Pictures with short captions
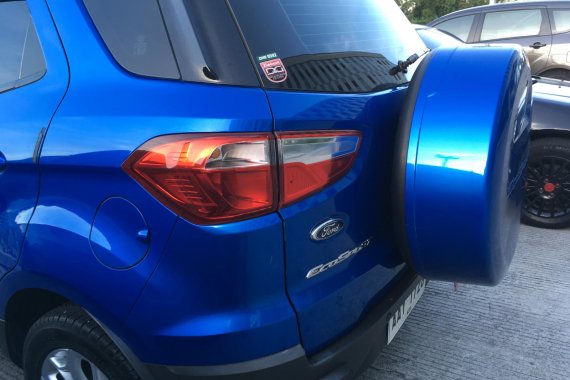 Blue Ford Ecosport 2014 Automatic at 36000 km for sale 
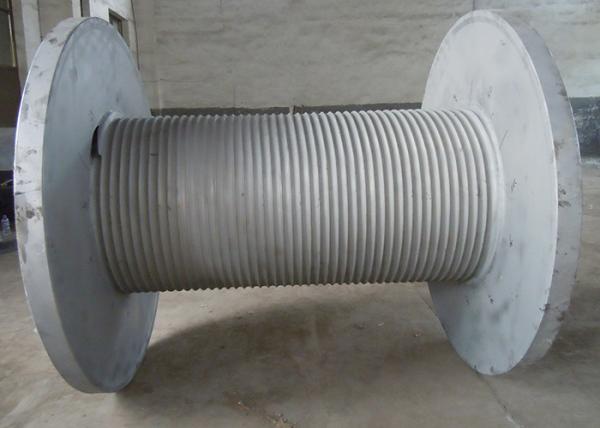 6mm Wire Mooring Winch Drum 430mm Diameter Carbon Steel Bolted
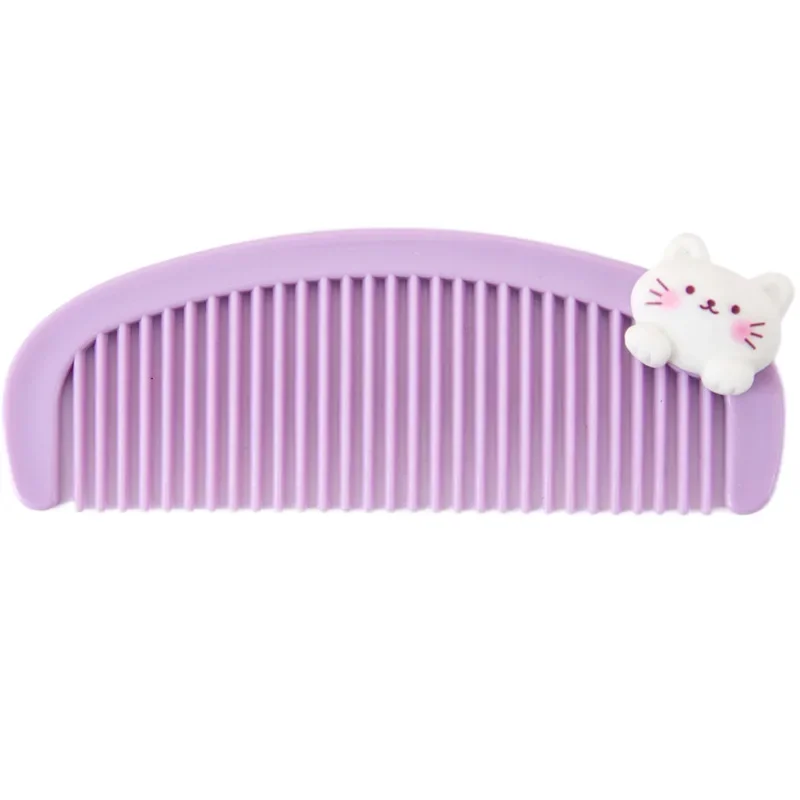 Cartoon Mini Crescent Comb Cute Children\'s Small Comb Student Carrying Plastic Hairdressing Comb Net Red Small Gift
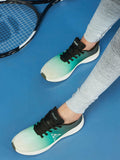 Womens Solar Running Shoes - Green | SH9 - view 1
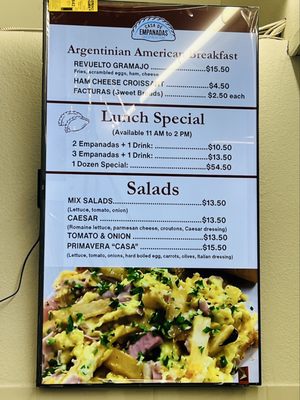 Menu photo 3 Casa De Empanadas Lake Forest, CA Menu photo 3 Casa De Empanadas Lake Forest, CA
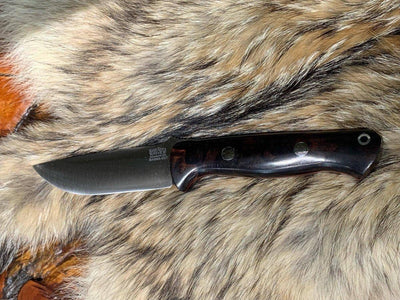 Bravo 1 LT MagnaCut Fixed Blade Desert Ironwood Burl Red Liners Mosaic Pins (USA) - NORTH RIVER OUTDOORS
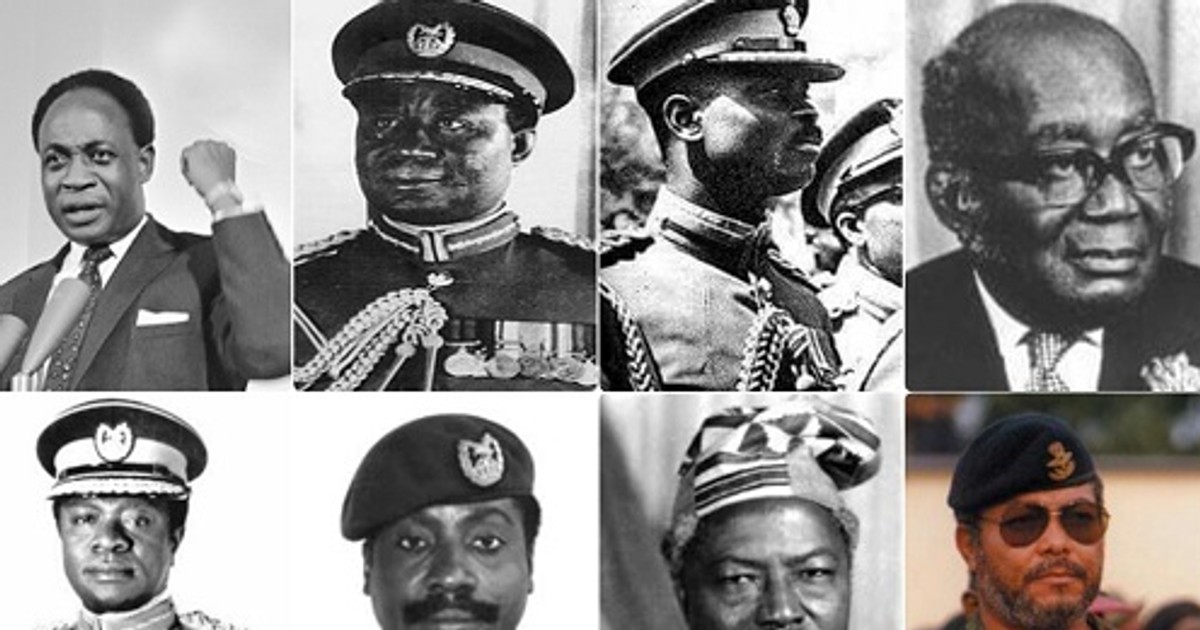 19572019 Here are Ghana's heads of state since independence Pulse Ghana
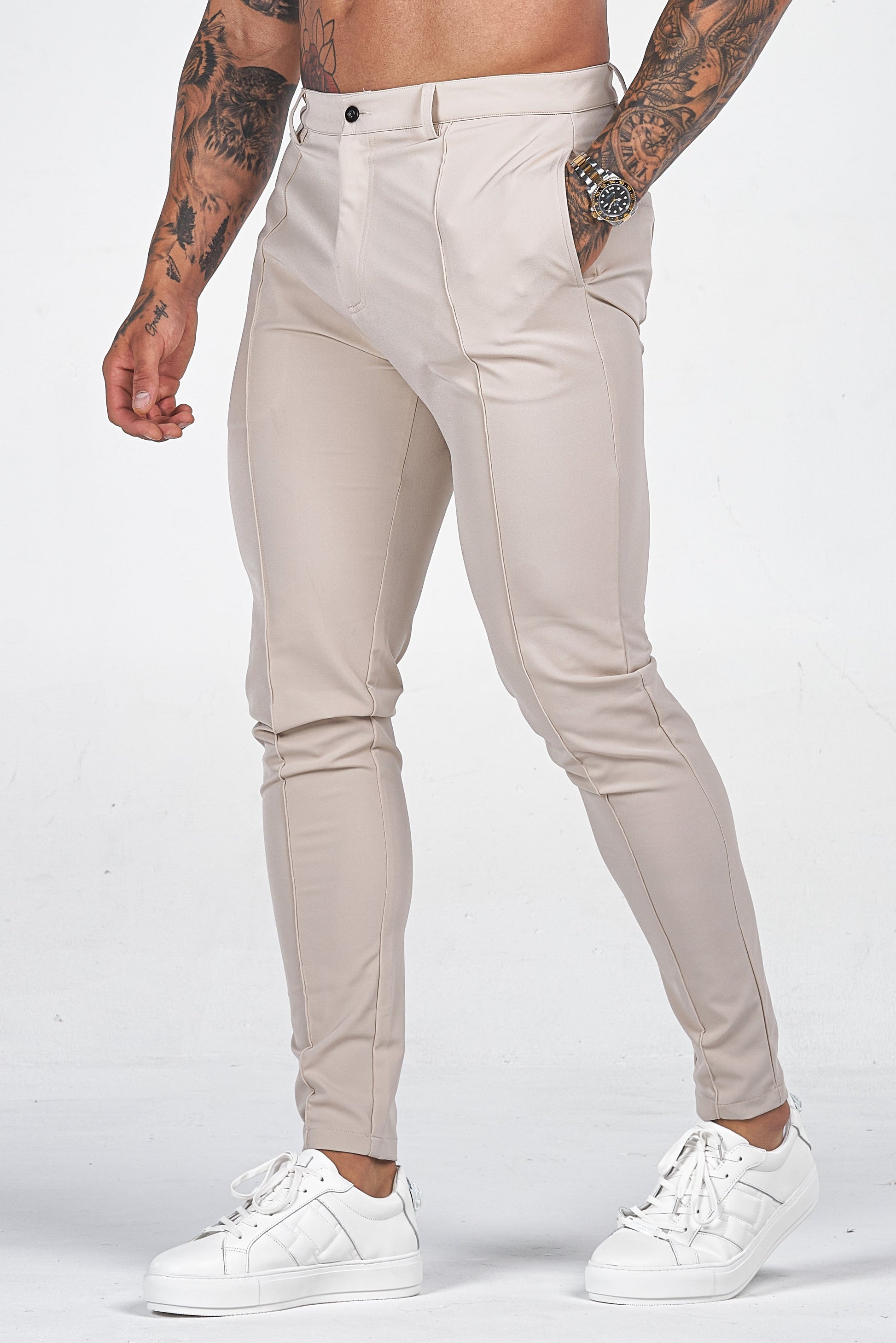 Marc | Pantalon long slim élégant pour hommes - Image 1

* [Activity] Transcribe all of the data above verbatim but omit every picture.

* [Exercise output]
 Blue Ford Ecosport 2014 Automatic at 36000 km for sale 
 6mm Wire Mooring Winch Drum 430mm Diameter Carbon Steel Bolted
 Cartoon Mini Crescent Comb Cute Children\'s Small Comb Student Carrying Plastic Hairdressing Comb Net Red Small Gift
 Womens Solar Running Shoes - Green | SH9 - view 1
 Menu photo 3 Casa De Empanadas Lake Forest, CA Menu photo 3 Casa De Empanadas Lake Forest, CA
 Bravo 1 LT MagnaCut Fixed Blade Desert Ironwood Burl Red Liners Mosaic Pins (USA) - NORTH RIVER OUTDOORS
 19572019 Here are Ghana's heads of state since independence Pulse Ghana
 Marc | Pantalon long slim élégant pour hommes - Image 1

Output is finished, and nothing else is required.